Record set

· · · ·

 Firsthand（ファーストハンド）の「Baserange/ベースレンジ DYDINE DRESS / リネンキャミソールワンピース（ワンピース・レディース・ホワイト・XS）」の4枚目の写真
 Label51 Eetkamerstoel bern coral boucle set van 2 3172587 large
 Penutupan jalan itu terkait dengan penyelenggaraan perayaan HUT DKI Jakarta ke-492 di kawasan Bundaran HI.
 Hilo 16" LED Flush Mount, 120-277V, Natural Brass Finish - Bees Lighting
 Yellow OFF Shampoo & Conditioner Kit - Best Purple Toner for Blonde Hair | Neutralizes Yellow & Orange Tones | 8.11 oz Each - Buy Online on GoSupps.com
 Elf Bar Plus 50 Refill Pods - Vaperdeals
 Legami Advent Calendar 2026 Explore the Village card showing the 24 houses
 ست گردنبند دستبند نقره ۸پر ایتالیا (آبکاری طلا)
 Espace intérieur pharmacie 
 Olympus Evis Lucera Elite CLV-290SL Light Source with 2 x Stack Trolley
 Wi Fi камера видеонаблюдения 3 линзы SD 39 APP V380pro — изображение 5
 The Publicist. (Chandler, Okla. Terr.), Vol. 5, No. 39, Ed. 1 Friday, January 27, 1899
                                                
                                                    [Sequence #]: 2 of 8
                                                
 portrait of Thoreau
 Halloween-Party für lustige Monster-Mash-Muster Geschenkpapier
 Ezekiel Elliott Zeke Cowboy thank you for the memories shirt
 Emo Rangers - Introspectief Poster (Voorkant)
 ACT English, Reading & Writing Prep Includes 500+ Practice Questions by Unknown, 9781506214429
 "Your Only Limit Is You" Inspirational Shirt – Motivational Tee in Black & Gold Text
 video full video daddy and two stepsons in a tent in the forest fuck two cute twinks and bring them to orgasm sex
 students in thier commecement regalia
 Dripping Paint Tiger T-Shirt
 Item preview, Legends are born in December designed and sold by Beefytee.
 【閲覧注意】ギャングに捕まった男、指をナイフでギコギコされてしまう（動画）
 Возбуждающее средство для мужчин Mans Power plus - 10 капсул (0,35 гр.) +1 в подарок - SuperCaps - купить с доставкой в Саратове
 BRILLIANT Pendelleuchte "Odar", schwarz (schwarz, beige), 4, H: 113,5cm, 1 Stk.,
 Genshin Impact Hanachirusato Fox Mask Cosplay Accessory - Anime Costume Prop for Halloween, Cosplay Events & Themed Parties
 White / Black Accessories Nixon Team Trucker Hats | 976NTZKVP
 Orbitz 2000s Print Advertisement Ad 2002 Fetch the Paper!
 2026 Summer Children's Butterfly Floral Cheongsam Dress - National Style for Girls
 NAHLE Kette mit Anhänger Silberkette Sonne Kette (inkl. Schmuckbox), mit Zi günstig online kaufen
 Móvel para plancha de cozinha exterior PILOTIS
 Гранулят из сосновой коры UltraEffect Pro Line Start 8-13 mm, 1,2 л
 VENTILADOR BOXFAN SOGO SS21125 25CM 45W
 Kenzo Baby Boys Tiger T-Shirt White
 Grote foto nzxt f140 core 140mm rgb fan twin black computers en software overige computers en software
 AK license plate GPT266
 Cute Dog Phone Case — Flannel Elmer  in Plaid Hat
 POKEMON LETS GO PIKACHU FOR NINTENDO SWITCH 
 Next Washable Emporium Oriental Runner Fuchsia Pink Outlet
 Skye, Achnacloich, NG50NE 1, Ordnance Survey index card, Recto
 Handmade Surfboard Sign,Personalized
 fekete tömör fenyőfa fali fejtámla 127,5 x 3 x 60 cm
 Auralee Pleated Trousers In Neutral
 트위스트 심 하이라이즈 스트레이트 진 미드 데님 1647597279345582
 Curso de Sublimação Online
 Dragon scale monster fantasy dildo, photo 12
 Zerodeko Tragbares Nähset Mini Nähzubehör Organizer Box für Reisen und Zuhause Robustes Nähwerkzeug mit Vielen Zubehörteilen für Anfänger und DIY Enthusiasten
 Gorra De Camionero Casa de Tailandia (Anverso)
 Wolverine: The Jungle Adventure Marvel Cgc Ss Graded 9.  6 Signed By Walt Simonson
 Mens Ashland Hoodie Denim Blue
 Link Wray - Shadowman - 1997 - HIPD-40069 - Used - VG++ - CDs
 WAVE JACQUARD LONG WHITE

· · · ·

Instructions for the task
Scan the records for the string "Tiger" and show every line that contains it.

Exercise output
 Dripping Paint Tiger T-Shirt
 Kenzo Baby Boys Tiger T-Shirt White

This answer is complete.